Once the line containing "Rumah Berkembar untuk" is found in the material below, it and every line after it should be transcribed exactly, with pictures left out and nothing added.

### DATASET SECTION

________________

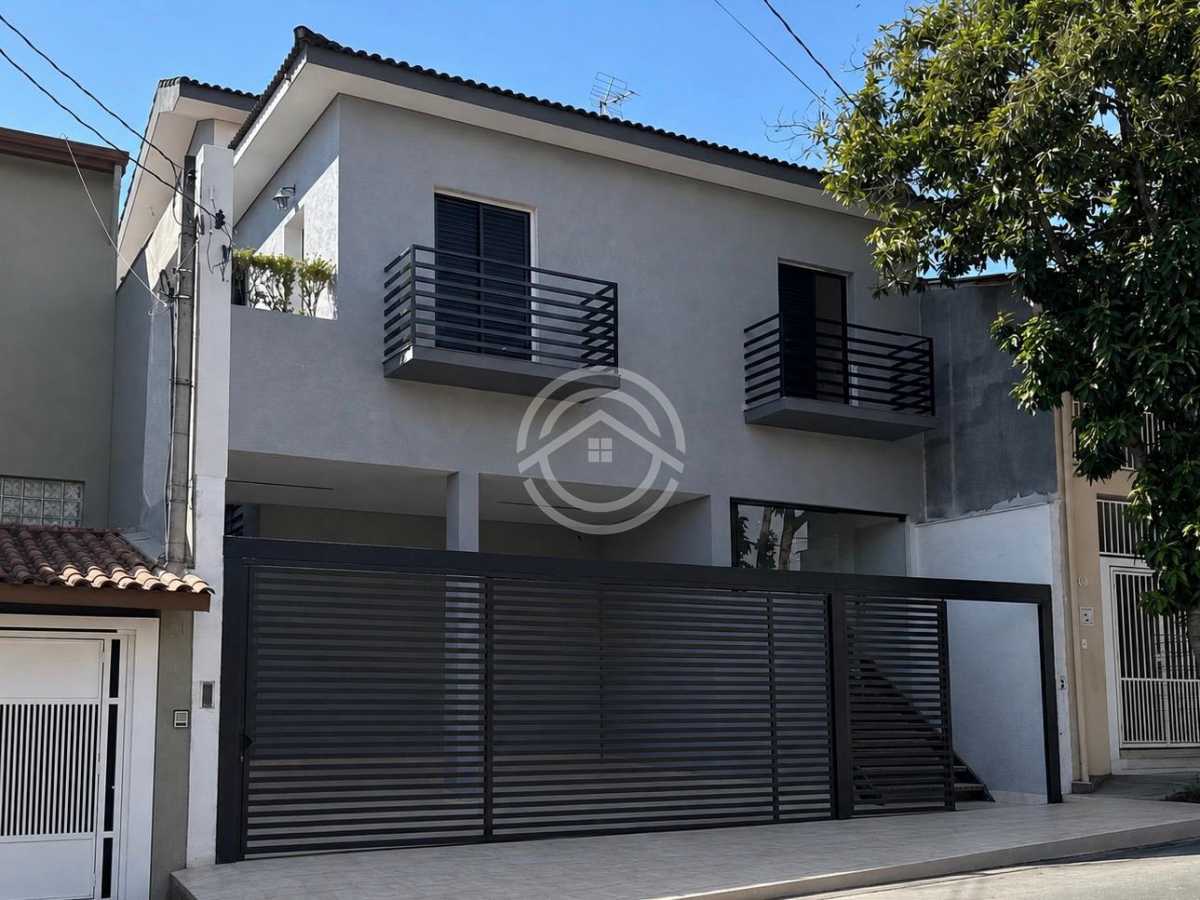 Casa, 3 quartos, 228 m² - Foto 1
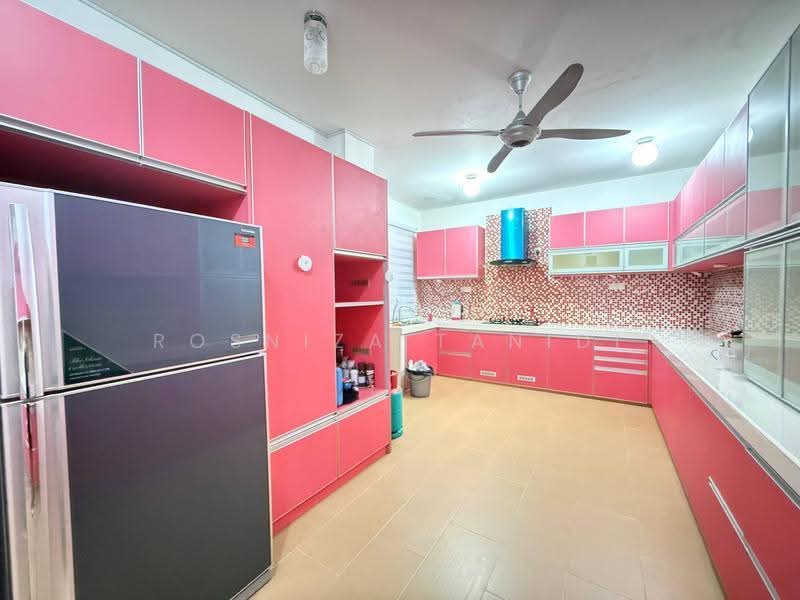 Rumah Berkembar untuk Dijual di Bangi (Selangor) - Rosniza Tanidi - Kitchen - PropertyGuru.com.my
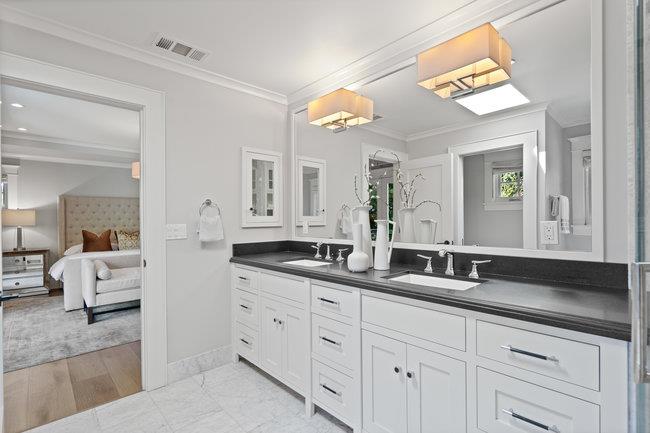 1180 North Lemon Avenue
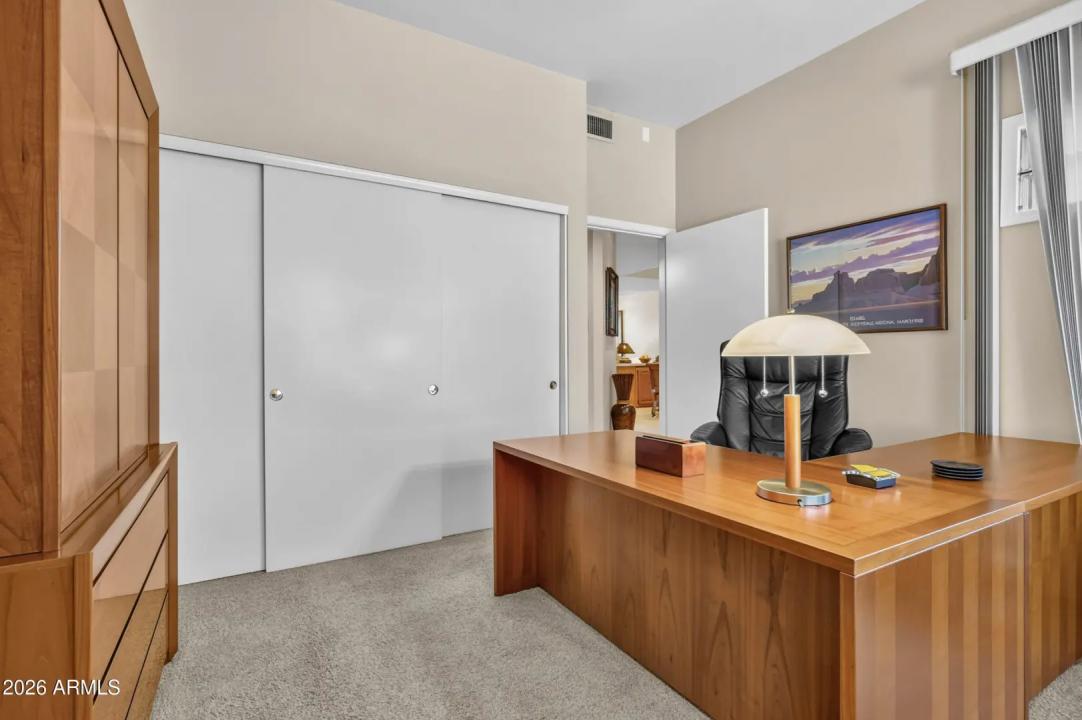 Real Estate Picture 25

________________

### RESULT
 Rumah Berkembar untuk Dijual di Bangi (Selangor) - Rosniza Tanidi - Kitchen - PropertyGuru.com.my
 1180 North Lemon Avenue
 Real Estate Picture 25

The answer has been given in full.